Maureen (played by Stewart) is the personal shopper and assistant to Kyra, a bratty celebrity with whom she rarely interacts. Recently, Maureen lost her twin brother, Lewis, who died at 27 from a congenital heart defect. But, Maureen, who shares the same health defect as him, is also a spiritual medium. In between errands, she stops by her childhood home outside Paris, anticipating Lewis will make contact with her from the other side as part of a pact the siblings once made. But, when Maureen starts receiving phone texts from “Unknown,” who may or may not be Lewis’ ghost, she must figure out the messenger’s identity and what they want, even as it becomes evident she hasn’t gotten over losing her brother.
If the “Twilight” franchise led you to question Stewart’s abilities as an actress, then “Personal Shopper” will make you immediately take back that negativity in humble apology.

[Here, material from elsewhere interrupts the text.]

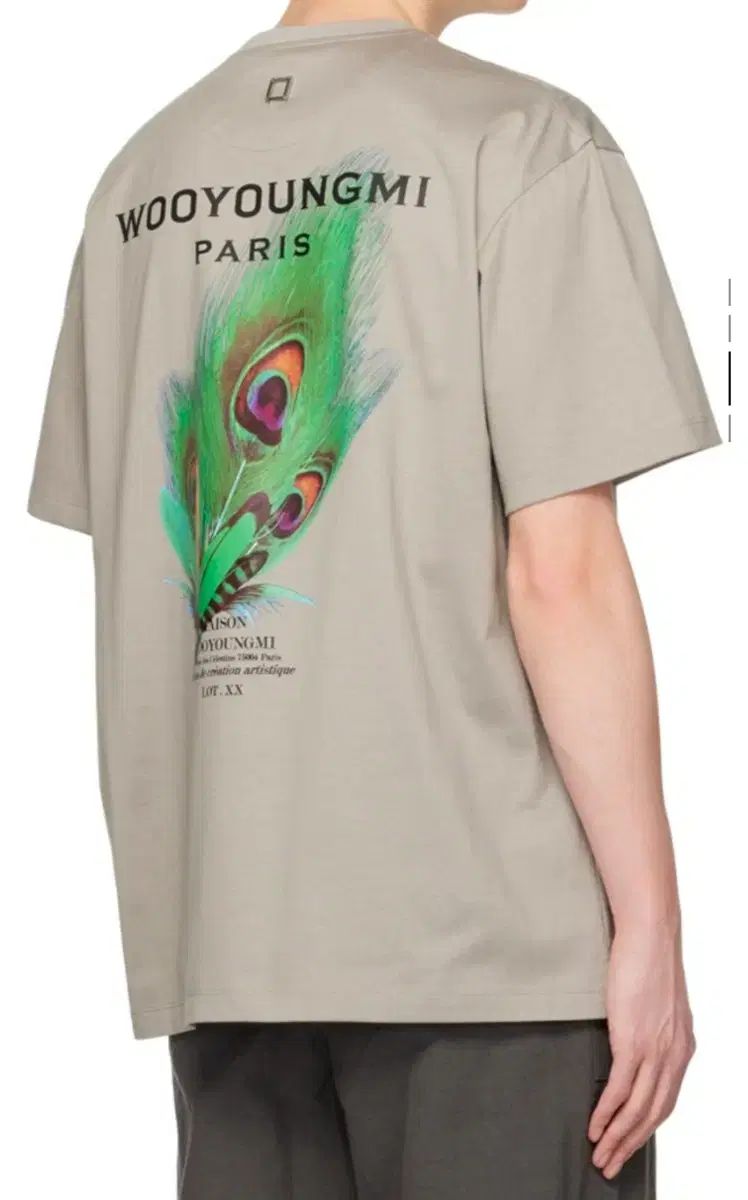 52 ウーヨンミ フェザー バックロゴ 半袖 Tシャツ グレー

Limited in that blockbuster universe by weak characterization and a questionable plot, this art-house world demonstrates Stewart’s tremendous and underestimated capacity to create a vivid internal life for a character, when given material as intelligent as she is. In a film that mostly relies on simple dialogue to convey complexity, she successfully communicates Maureen’s difficult journey in grief processing, mostly alone and often non-verbally. The emotion iss in the eyes and body language, as Maureen spends most of the film in a state of desire for something more, be it finding closure with Lewis or secretly trying on Kyra’s wardrobe. Stewart’s trademark fluid androgyny is what ultimately makes her performance as Maureen so effective. In a film that’s not afraid to leave nagging questions unanswered and to march to the beat of an abstract plot, Stewart holds nothing back as a category-defying artist in an industry that often wants everything it touches to be in its own specific little box, particularly when it comes to gender expression.

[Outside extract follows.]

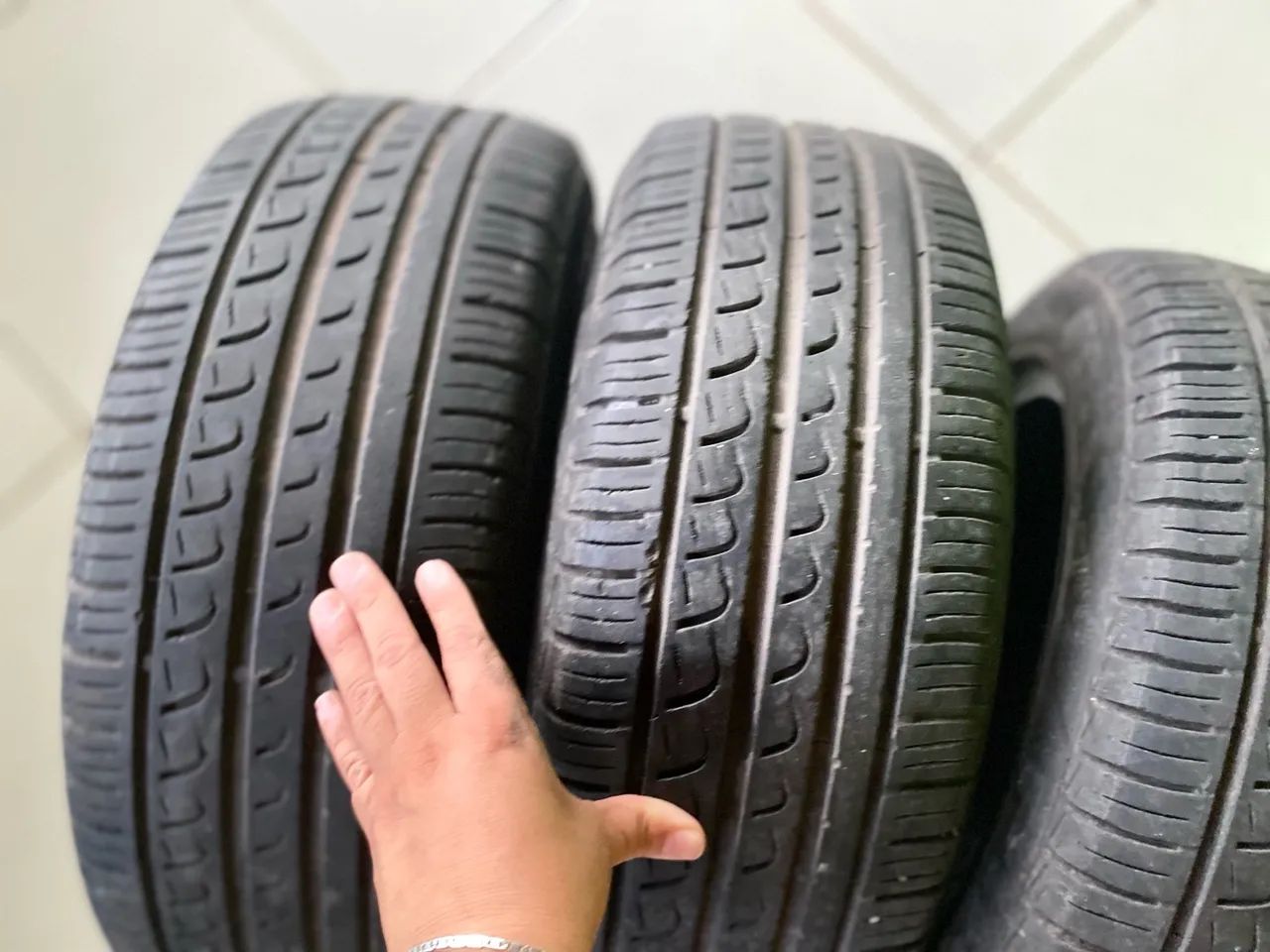 Pneu 205/55 R16  - Foto 3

The film seamlessly blends elements of psychological thrillers with those of ghost stories to create an unsettling melancholy that taps into our fascination with and fear of death. This is best exemplified in the scenes where Maureen is alone in her childhood home, waiting for a sign. Even without gross-outs or jump scares, these moments are still nerve-wracking. As it often is with the topic of mortality, we ache to know, but are simultaneously terrified enough of the possible answer to not want to know. One of the film’s most outstanding achievements is its ability to build tension through text messaging better than most slasher films put together. There’s no corny overly orchestral music, no exaggerated panicking. Just the click of an iPhone keyboard, the three periods typing to indicate progress from the other end, and the whoosh of a message received. In those sequences, “edge-of-your-seat” earns its name.
Like Maureen in the end, some viewers may feel incomplete when loose ends are left untied. But “Personal Shopper” realizes that that’s life. There are some things that we will never find out. And why worry, when you’ve got another day of this life to live?